The need for finer raw materials acted as the catalyst to open Egypt to a wider world. The Nile valley provided clay for pottery and mudbricks but little wood. Flint was the only immediately accessible stone (and was fashioned into fine ceremonial knives). Anything else, the fine white limestone from the rocks which lined the valley, the hard stones, granite and diorite, gold, copper, or semi-precious stones, had to be quarried or mined from the surrounding desert or traded from further afield. This required an ordered society able to organize expeditions across the inhospitable desert. By the end of the fourth millennium contact had been made as far as Mesopotamia. Cylinder seals have been found in Egypt that echo those of Sumer, and designs from them or from actual buildings may have inspired the form of the fa9ades of Egyptian mudbrick tombs. Palaces adopt from Mesopotamia the same pattern of alternating recesses and buttresses for their fa9ades that were used for temples there. The concept of writing, first found in Egypt on a set of inscribed labels in a royal tomb in Abydos dating from about 3100 Bc, may have evolved parallel with but possibly earlier than in Sumer. Both Sumerian cuneiform (see above, p. 24) and Egyptian hieroglyphs (see below) used the same convention of combining signs to represent the sound of a word with others to represent its meaning.
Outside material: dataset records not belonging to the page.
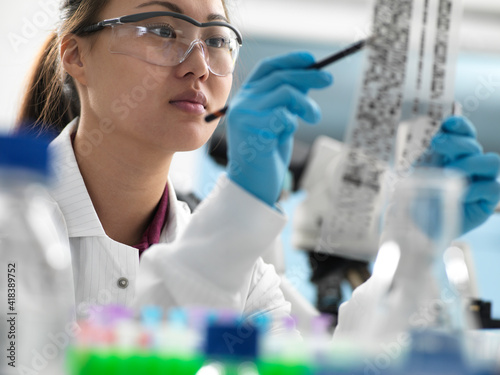 Scientist viewing results of genetic test on DNA autoradiogram in laboratory photo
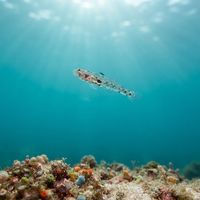 Ferrer's Goby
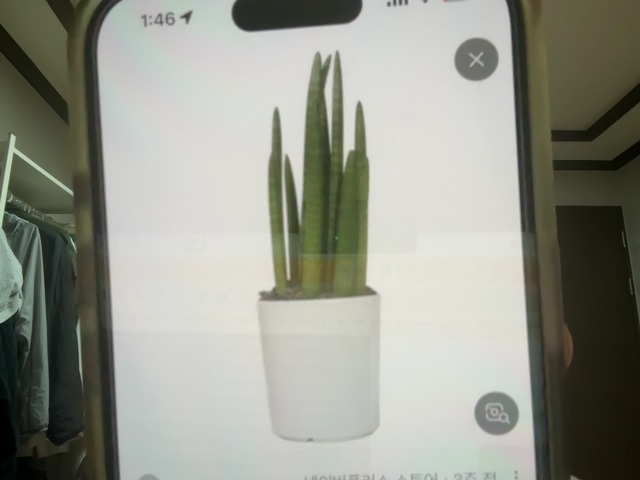 Captured plant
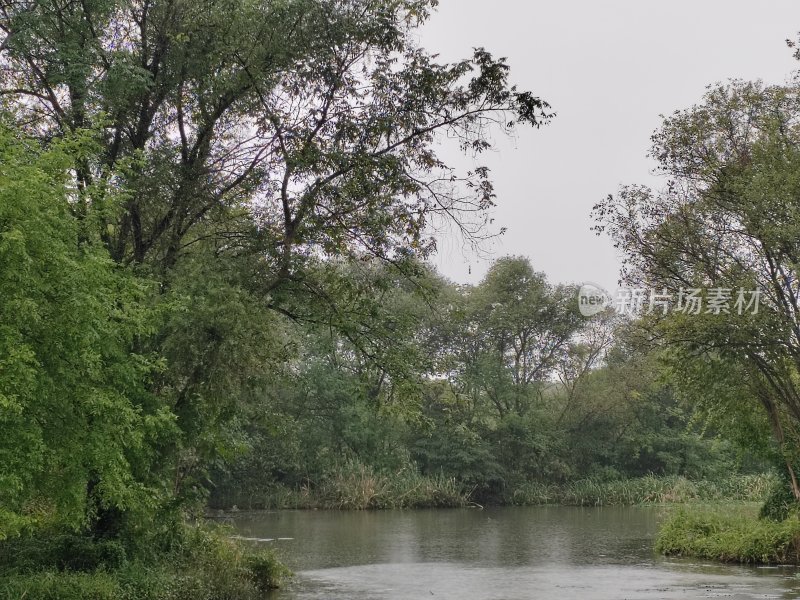 水边绿树环绕的自然风景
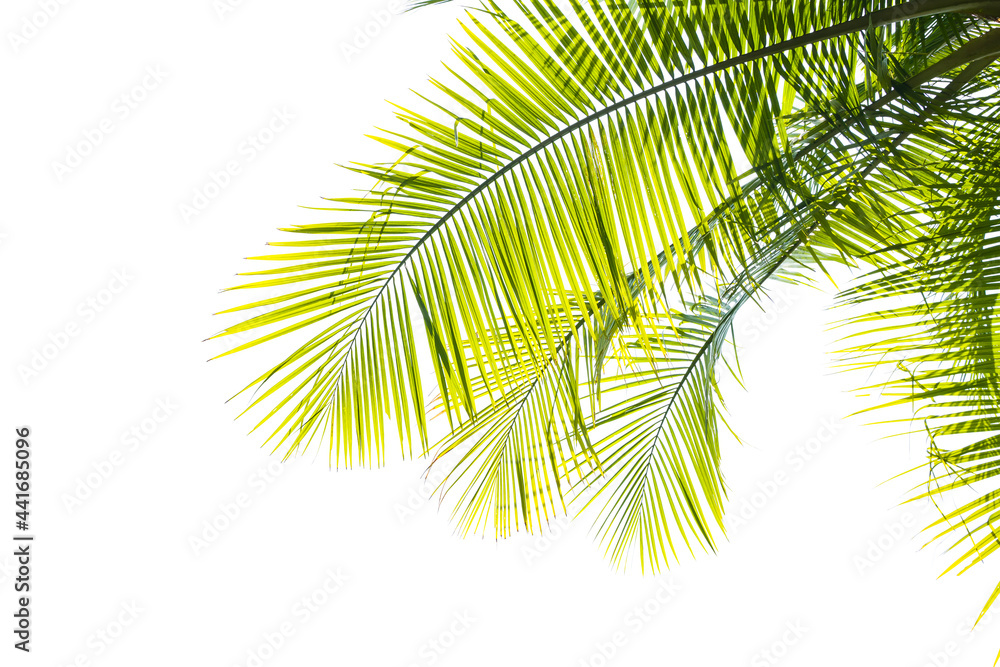 Obraz premium palm tree isolated on white background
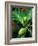 Breadfruit tree on Jamaica-Rainer Hackenberg-Framed Photographic Print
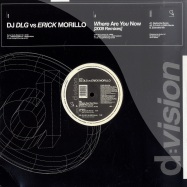 Front View : DJ DLG vs. Erick Morillo - WHERE ARE YOU NOW 2009 - D:Vision / dv584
Hieroglyphs, ‘sacred carved letters, were derived from pictures found on much earlier Egyptian pottery. At first writing appears to have been confined to the court, used to record the state’s economic activities, the name of the king (in a format known as the serekh), and in formal commemorative art such as the Narmer Palette (below). However, the emergence of writing marks a crucial moment as it offered a further means of royal control that could be sustained through fostering a formal class of scribes.
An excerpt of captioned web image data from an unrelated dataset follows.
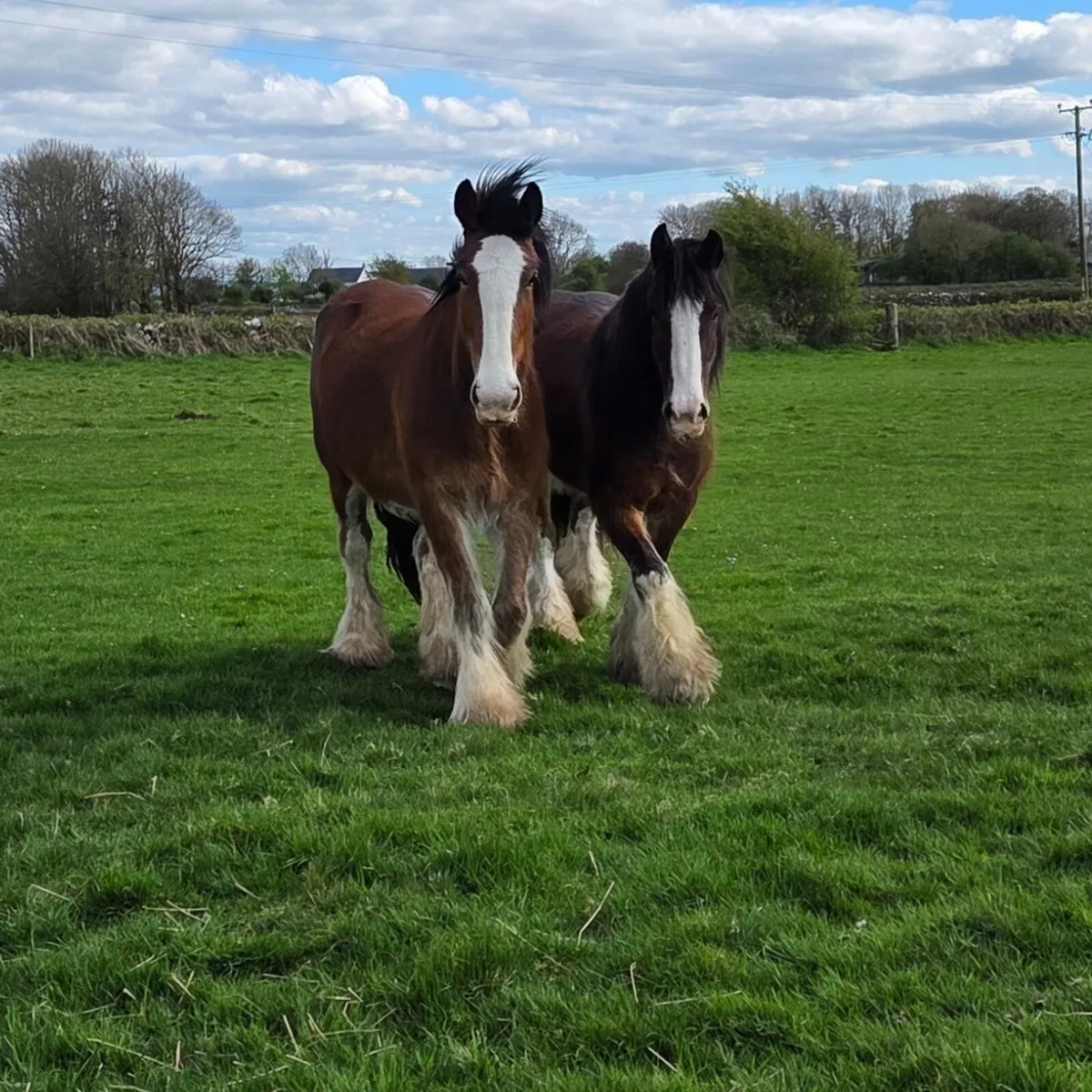 3 year old Cob gelding - Image 2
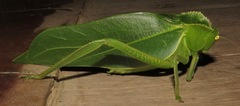 Steirodon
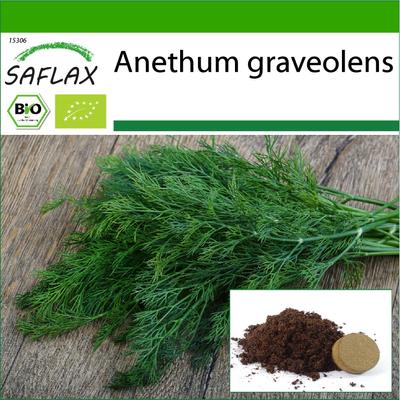 Organic - Dill - 700 Seeds - With Potting Substrate for Better Cultivation - Anethum Graveolens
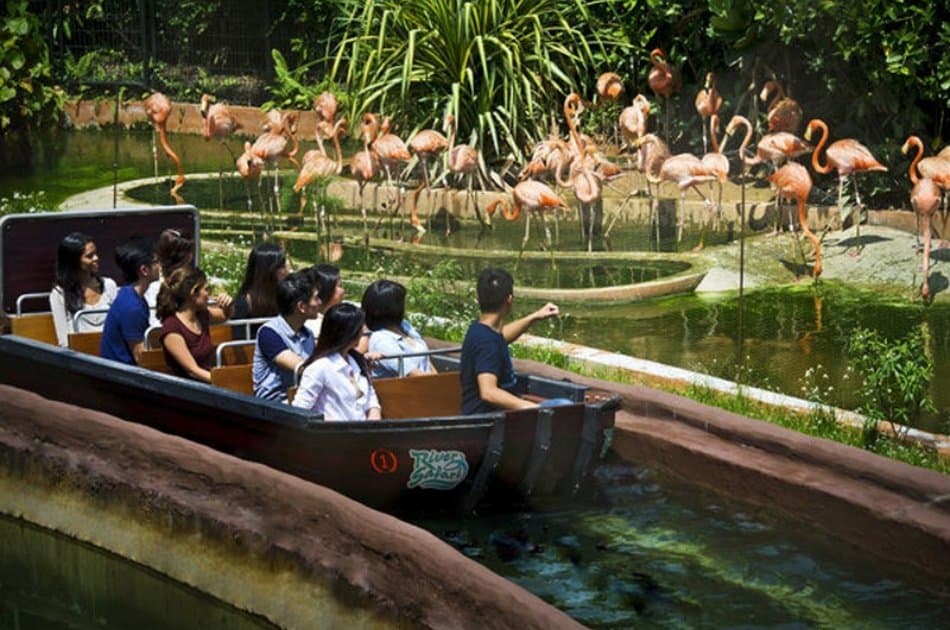 Singapore River Safari - Photo 3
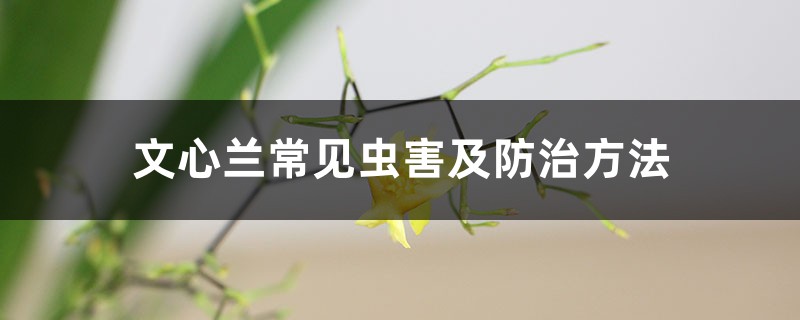 文心兰常见虫害及防治方法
As the early Egyptian settlements on the Nile grew, so did tensions between them. They were probably exacerbated by a period of increasing aridity after 3300 BC which intensified settlement in the Nile valley and led to competition between rulers over luxury resources, copper, gold, and hard stone. It is reflected in the art of the period. A painted tomb at Hieraconpolis (Tomb 100) shows a man struggling with two lions and a ruler figure holding a mace over three captives while other palettes (the so-called Hunters’ and Battlefield palettes) show contrasting scenes of conflict and harmony among animals. (The palettes were flat stones used originally as grinding surfaces for cosmetics but they later acquired ritual significance.) Rulers were often personified as animals, bulls, or lions in this period, as if they had to differentiate themselves for ordinary mortals through symbols of energy and power. The story of Horus and Seth may well represent an actual struggle between Hieraconpolis, a cult centre for Horus, and Naqada, whose cult god was Seth.
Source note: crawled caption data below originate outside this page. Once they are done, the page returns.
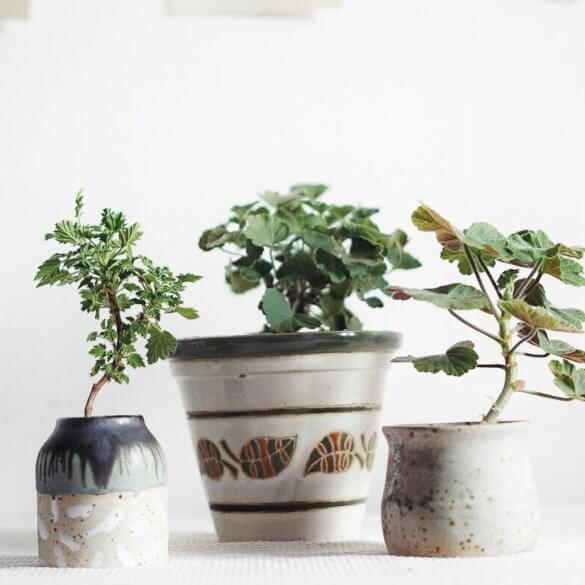 Växtbelysning Plantbyrån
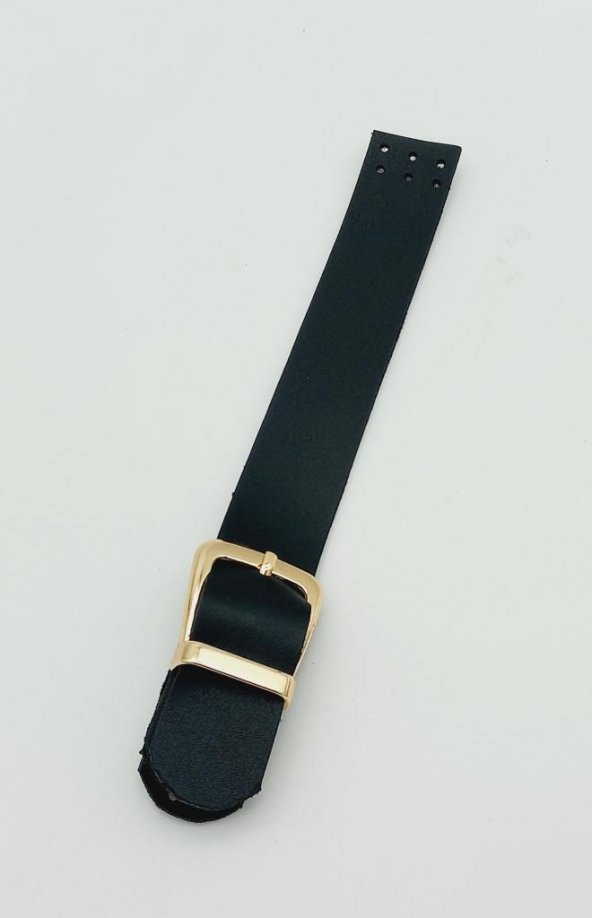Angel Çanta Aksesuar Tek Kat 18 Cm Suni Deri Siyah Kapak Light Gold Metal ürün görseli 1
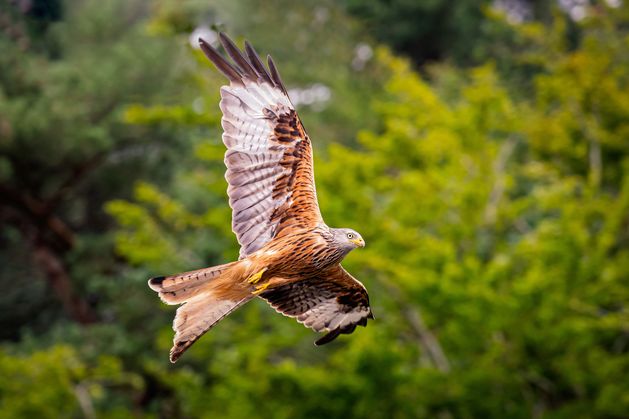 National Parks and Wildlife Service investigating poisoning of Red Kite in Louth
There was probably no one moment of unification but in later tradition it was from this disorder that a king named Narmer finally achieved some kind of dominance over Egypt just before 3000 BC. The archaeological evidence does not yet give unequivocal support for a conquest as some sites show undisturbed occupation. Some scholars see a lengthier process in which an earlier king, Scorpion, played a significant part in achieving an ordered state. At some point, perhaps soon after unification, Narmer’s successors established their capital at Memphis, strategically
Placed at the junction between the Delta and the valley. Their new conquest, the Delta, also had its important settlements although none is yet known to have reached the size of those of Upper Egypt. At Tell el-Farkha in the north-eastern Delta, a wonderful collection of bone figures shows that here too a sophisticated culture had developed. Frustratingly, one of the most important settlements of Lower Egypt, Maadi, has been almost totally obliterated by the spread of modern Cairo. Earlier excavations showed that its culture was completely distinct from that further south and had especially strong links with the Near East.
The Narmer palette is a remarkable survival and now enjoys pride of place at the entrance to the Cairo Museum. It was found carefully preserved in a temple deposit at Hieraconpolis by English archaeologists in the winter of 1897-8. The king was unknown but the reconstruction of two hieroglyphs, a catfish (nar) and a chisel (mer), gave us the name for which there was then no other record. The palette portrays Narmer, on one side of the palette wearing the crown of Upper Egypt and on the other that of Lower Egypt. The king is apparently shown as a southerner conquering the north, the Delta, though his enemies may well have included neighbouring peoples such as the Libyans. The king is shown on one side subduing his enemies, some of whom lie decapitated before him, their heads between their feet. It is disputed as to whether this depicts an actual battle or simply represents a symbol of royal power. Quite apart from its historical importance, the palette shows that many conventions of Egyptian art are now in place. Status is represented by the comparative size of the figures. Narmer is the largest figure throughout. In one scene an official is shown as smaller than Narmer but still much larger than the accompanying standard-bearers. The artist is not concerned so much with providing a proper representation as with passing on detail, even if this means distorting normal perspectives. The face of the king, for instance, is shown in profile but his eye is shown in full and the shoulders are viewed from the front. Both hands and feet are shown in full.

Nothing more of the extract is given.